Na Grã-Bretanha, Don Stainford, diretor da Aliança Global contra a Aquicultura Industrial, não esconde sua indignação ante a guinada taylorista do planeta – uma “loucura”, segundo ele.

“Os criadouros escoceses importam seus ovos da Noruega, a alimentação dos salmões vem do Chile, o salmão é defumado na Polônia, pois é mais barato”, disse, em entrevista por telefone desde Paris.

Os consumidores “não percebem que o salmão barato tem um custo social e ambiental muito grande”, apontou, criticando a hipocrisia da indústria salmoneira escocesa, dominada por gigantes noruegueses, particularmente a Marine Harvest.

Mas as doenças resistentes aos antibióticos ou os parasitas presentes nos peixes obrigam a matanças em massa nas granjas aquícolas e tendem a fazer subir os preços do salmão no mundo.

O Chile, segundo produtor mundial atrás da Noruega, também se viu afetado no início de 2016 pela ação de uma microalga que implicou uma forte mortalidade, reduzindo suas perspectivas de produção em 30%.

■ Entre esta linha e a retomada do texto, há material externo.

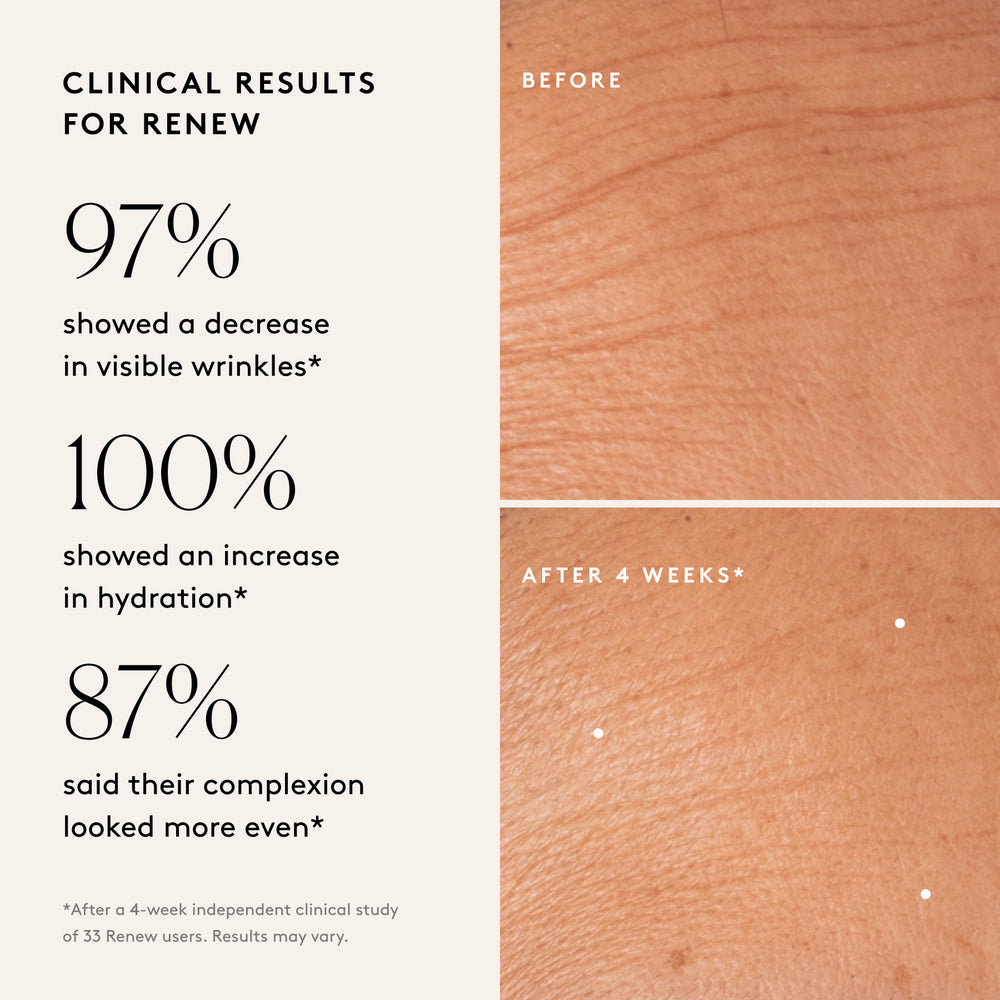 
                
                  Easy Nightly Trio: Replenish your skin barrier in 3 steps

O potencial de desenvolvimento continua sendo, ainda assim, enorme. Segundo uma previsão do gabinete americano Allied Market Research, publicada a quinta-feira, o mercado mundial da aquicultura deveria atingir 242 bilhões de dólares em 2022, em comparação aos 169 bilhões de 2015.

A Organização de Cooperação e Desenvolvimento Econômico (OCDE) e o Banco Mundial preveem que em 2030 dois terços dos produtos do mar em nossos pratos procederão de granjas aquícolas, que “desenvolvem suas capacidades de produção a toda velocidade”, segundo a OCDE.

 

Menos pescadores, mais aquicultores

O ano de 2014 foi decisivo. Nesse ano, a pesca marítima mundial só aumentou em 81,5 milhões de toneladas de peixes em suas redes, contra os 86,4 milhões que alcançou em seu máximo histórico em 1996, segundo a Organização das Nações Unidas para a Agricultura e a Alimentação (FAO). E o planeta perdeu 1,5 milhão de pescadores.

Além disso, pela primeira vez, as pessoas consumiram mais peixes de cativeiro do que selvagens pescados em mares ou rios.

Em relação ao emprego, a pesca e a aquicultura supõem uma fonte de renda e de subsistência para 56,6 milhões de pessoas no planeta.

Estes dados traduzem a evolução do setor: a parte dos funcionários na pesca de captura diminuiu, passando de 83% em 1990 a 67% em 2014, enquanto que a dos trabalhadores na aquicultura aumentou, de 17% para 33%.

Tanto para os profissionais quanto para os defensores do meio ambiente, a sobrepesca industrial é um dos principais motores deste fenômeno. A escassez de peixes selvagens leva a uma concentração das grandes multinacionais da pesca.

“Estamos assistindo a um fenômeno inédito de compra e de concentração do setor na Europa e no mundo”, afirmou à AFP François Chartier, especialista em economia do mar para a ONG Greenpeace.

“Na França, para a pesca do atum, dois dos três últimos armadores especializados acabam de ser comprados por grupos holandeses”, afirmou.

O mesmo acontece em relação ao processamento. Petit Navire, o líder do atum enlatado na França – o peixe mais consumido no país – foi adquirido em 2010 pelo número 3 mundial do peixe enlatado, o tailandês Thai Union Frozen Products.